Warner Todd Huston in his “The GOP cannot win until…” is absolutely correct. Education is the key. And there is no doubt about the indoctrination by the Left, which actually starts in K-12 and continues through the University. I will argue that the key to the success of the left-indoctrination may also be the key to counteract it.
The left indoctrination (be it in our current universities or in any Marxist strategy of any time and place) works by distorting the truth. The left is unencumbered by the eight commandment. In the Marxist ideology the ends justifies the means. The strategy of distorting the truth in schools and the media has always worked very well for the left. Unlike Europe, and especially Eastern Europe, Americans have little experience of this Marxist strategy. They don’t see that plain distortion of the truth is at work everywhere in the education enterprise, whether it is by biasing textbooks in K-12, rewriting history, ignoring economic facts, or misrepresenting the embryonic stem cell research potential.
The AAAP (American Association of University Professors) has recently sanctioned that the pursuit of the objective truth is not anymore the goal of a university department. The accepted truth is what the department decides it is. This is now written in their charter. So, for example, if the Women Studies department declares that women have been oppressed because of capitalism, that is the truth about the condition of women.
But a University’s mission is the pursuit of the Truth. Thus, to counter the continuing invasion of the left in academia, an essential (and probably effective) strategy is to insist on zero tolerance for distortions of facts and contest each and every claim unsupported by rigorous evidence. We protest when the media distort facts about Sarah Palin. But we don’t protest when university professors distort facts about so many things. We must start doing so.

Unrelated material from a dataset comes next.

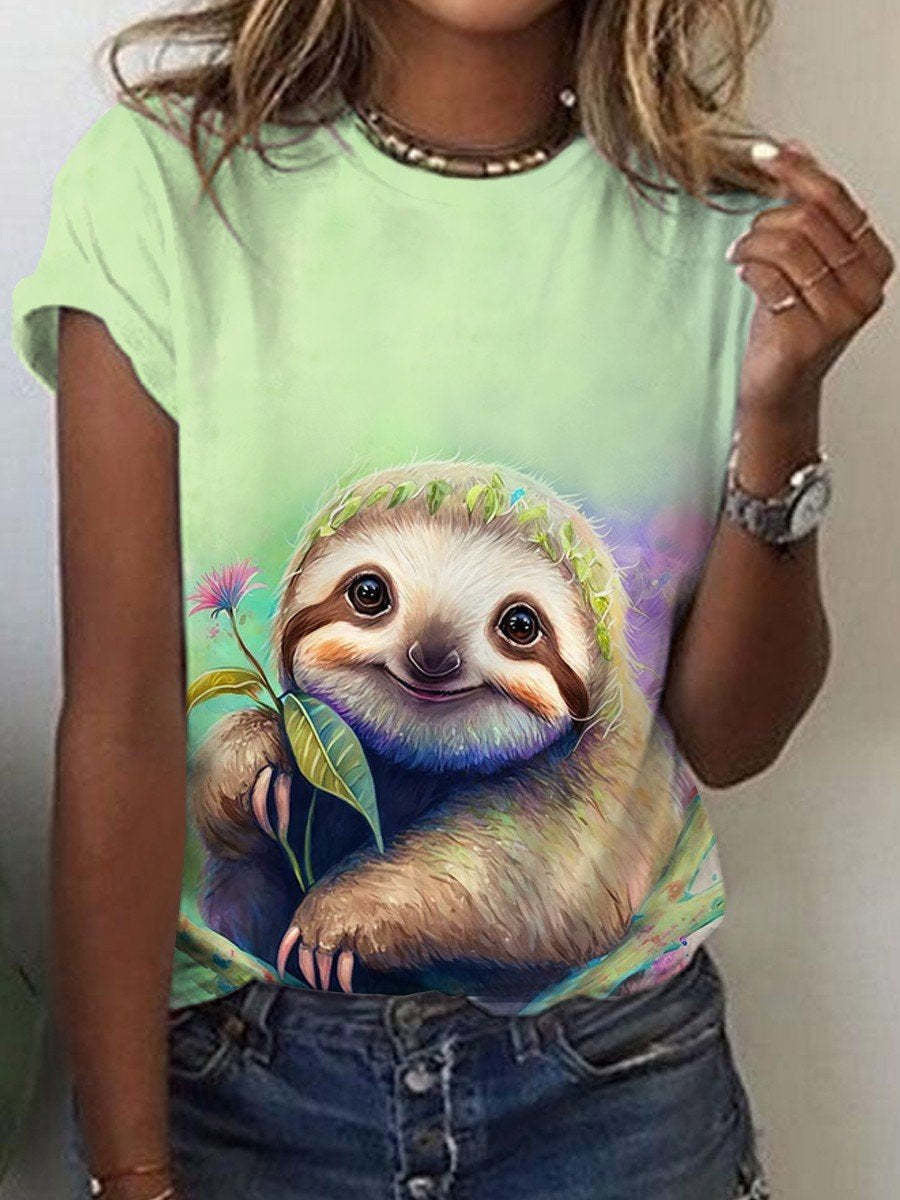 Cute Owl Pattern 3D Printed Round Neck Short Sleeve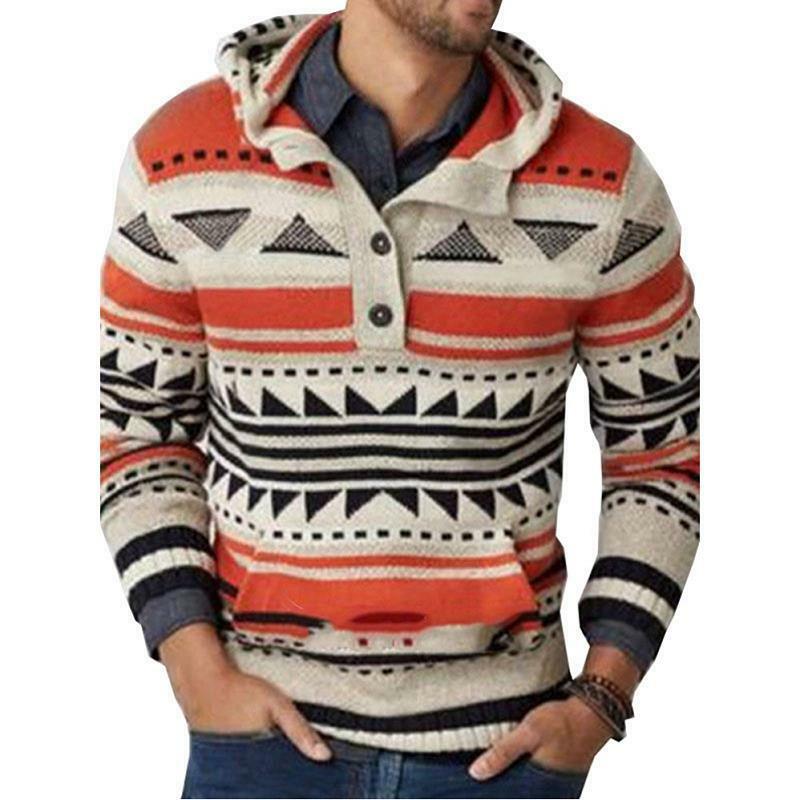 Men Autumn Sweater Coat Fashion Geometric Pattern Knitted Cardigan Outwear Men Zipper Vintage Sweater Coats Warm Winter Jumper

A possible place to start contesting the increasing amount of truth distortions present in Universities is from the Science and Engineering departments. They are the most concerned with and sensitive to the truth. I would not start with Physics and Mathematics because, although they would certainly see the importance of the truth issue, they are already too much left leaning. Engineering is better. Many engineering students don’t have a strong interest in society and so they have not have had a chance to be indoctrinated. The trouble with them is that they have little time and inclination to devote to university policy. But they could be helped; especially by using social networking and other internet-methods that would make it easy and not time consuming for them to voice their intolerance for truth distortions. They spend all their time in front of computer and it would be easy for them to support a cause just by clicking here and there every once in a while.
Once the movement of protesting for a return to the mission of the University to searching for the Truth gets going, many idealistic students who now fall for the left would embrace this ‘rid-us-from-the-liars ’ movement. For example, if they convinced themselves that ‘professors lied when they said that Bush lied’ it is likely that they, being idealistic, would turn against the original liars.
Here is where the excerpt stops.